In sommige “achtergestelde wijken”, zoals in het jargon van de Wereldbank een sloppenwijk heet, stellen bewoners het weken zonder water. Daar vragen waterverkopers 20(20 eurocent) tot 50 shilling voor een jerrycan van 20 liter. Het tekort is structureel: de vraag naar water in de Keniaanse hoofdstad bedraagt 790 000 kubieke meter per dag terwijl de capaciteit van het stedelijke waterreservoir slechts 526 000 kubieke meter bedraagt. Om de tekorten op te vullen bouwt de regering de zogeheten Northern Collector tunnel, waardoor volgend jaar 140 000 kubieke meter per dag aan dat waterbestand wordt toegevoegd. Het project bestaat uit een 12 kilometer lange en vier meter brede tunnel door heuvels en bergen en tapt water af van drie rivieren ten noorden van Nairobi.
Eens verzoop het gebied waar nu Nairobi ligt in water. De kolonisatie door de Britten begon in 1895 met de aanleg van een spoorweg van Mombasa aan de Indische Oceaan de binnenlanden in. In 1899 bereikte de ijzeren slang enkare nyirobi, “de plek van het koude water” in de taal van de Maasai. Nairobi was tweehonderd jaar geleden een zompige papyrusvlakte omringd door beboste heuvels met over rotsen kabbelend water. “Verlaten maar inspirerend”, noemde een Britse spoorwegbouwer de omgeving, “een moerassig en volgelopen platteland, zonder mensen, het domein van allerlei soorten beesten”.
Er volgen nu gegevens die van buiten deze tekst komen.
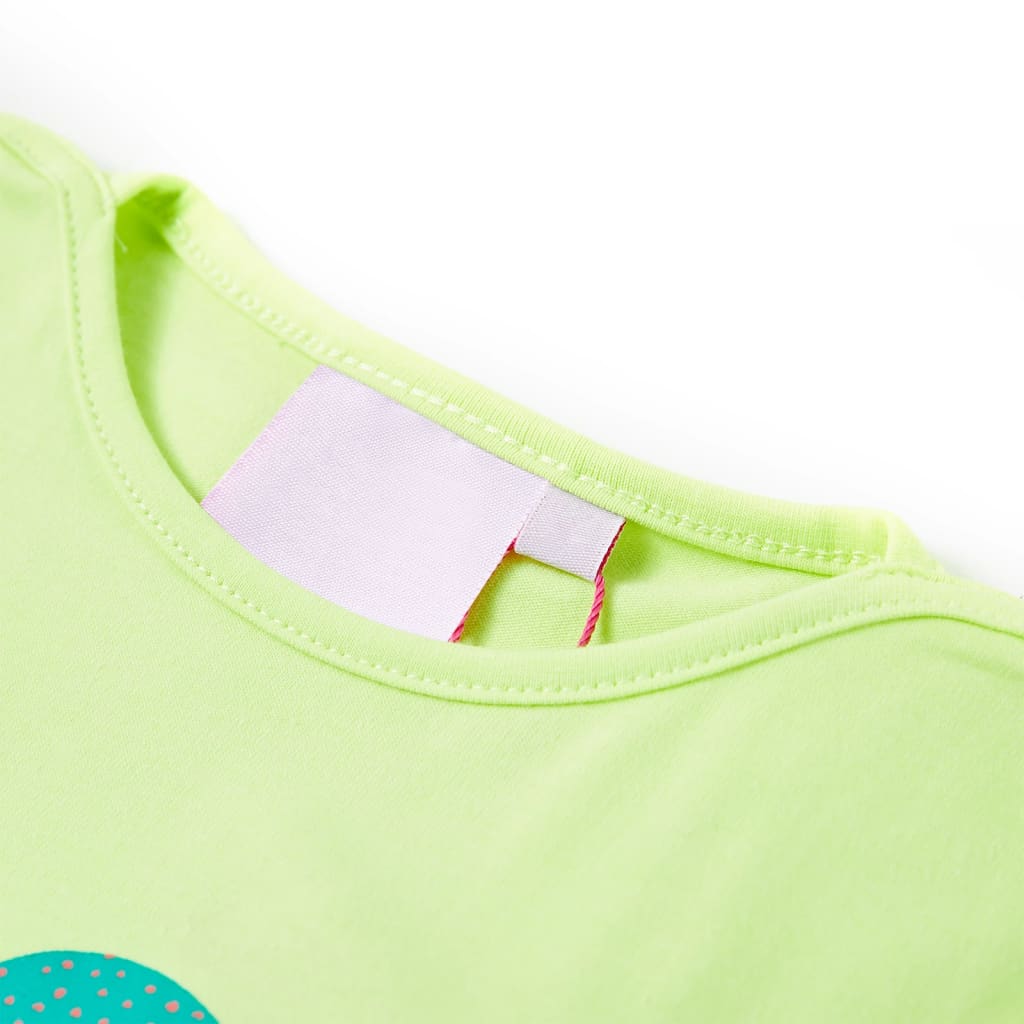 Camiseta de niños amarillo fluorescente 104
Onder ieder afdak in de stad staan grote zwarte watertonnen, want het oogsten van water is het steekwoord. Welke kant ook je de hoofdstad uitrijdt, er woedt een strijd om water. Een boer die regenwater in een kuil opvangt in de geërodeerde heuvels te oosten, of de Maasaiherder op de zuidelijke grassavanne waar de overheid het water achter dammen insluit voor zijn vee.
Bevolkingstoename -ieder decade komen er tien miljoenen Kenianen bij- en de druk op het land dragen bij aan de groeiende watertekorten. Overal waar ik om me heen kijk, is nagenoeg iedereen jonger dan dertig jaar. Een bevolkingsexplosie ongehoord in de menselijke geschiedenis. Het rustieke Kenia waarin ik in de jaren zeventig landde, kan zich alleen nog een kleine minderheid van de bevolking herinneren.
Met steeds meer zorgen praat iedereen over regen. Ieder gesprek loopt, na de uitgebreide uitwisseling over het wel en wee van de familie, over in de uitwisseling van nieuws over het weer. Ik kwam terug uit een oorlog en wilde me ontladen door er over te vertellen aan mijn vrienden. Na korte tijd vielen ze me in de reden met iets belangrijkers dan oorlog: “En, regent het daar”?